## 4.1 Procedure

Denote the quantity of interest (parameter or functional) to be \(\theta\). This parameter will be assumed to take place in a space \(D\).

Suppose that, because of previous experience, we think that \(\theta\) could only be in \(D_1\) or \(D_2\) (but not both), where \(D_0 \cap D_1 = \emptyset\) and \(D_0 \cup D_1 = D\).

The components of our test would be:

- \(H_0 : \theta \in D_0\) versus \(H_1: \theta \in D_1\)
- Sample: \(X_1, \dots, X_n\)
- Rejection (Critical) region \(C\): determines the decision rule as follows:
- Reject \(H_0\) if \((X_1, \dots, X_n) \in C\)
- Reject \(H_1\) if \((X_1, \dots, X_n) \not\in C\)

For \(i=0,1\), if \(D_i = \{ \theta_i \}\) (that is, \(D_i\) is a singleton), then \(H_i\) is called a *simple* hypothesis.
A hypothesis is *composite* if it is not simple.
So, we could have cases where one of the hypotheses is simple and the other is composite,
both are simple, or both are composite.

Due to probabilistic nature of the procedure, there are a few scenarios

\(H_0\) is true | \(H_1\) is true | |
---|---|---|

Reject \(H_0\) | Type I error (false positive) | Correct decision |

Reject \(H_1\) | Correct decision | Type II error (false negative) |

One of the working assumption of science is that all models are wrong and only approximations of reality. So, the goal of science is to try to reject the hypothesis \(H_0\). The harder it is to reject \(H_0\), the better of a theory as an approximation of reality.

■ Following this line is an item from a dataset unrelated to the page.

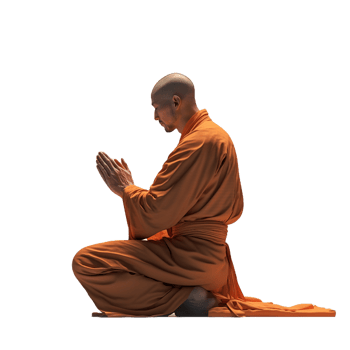 Shaolin monk praying in traditional attire on a transparent background png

However, there is a conundrum the two types of errors will happen and it is not possible to minimize both at the same time.

**Example 4.1 **Let \(C = \emptyset\). Then the probability for Type I error is \(0\) as one will never
reject \(H_0\).
However, if it turns out that \(H_1\) is true, then the probability for Type II error
would be \(1\).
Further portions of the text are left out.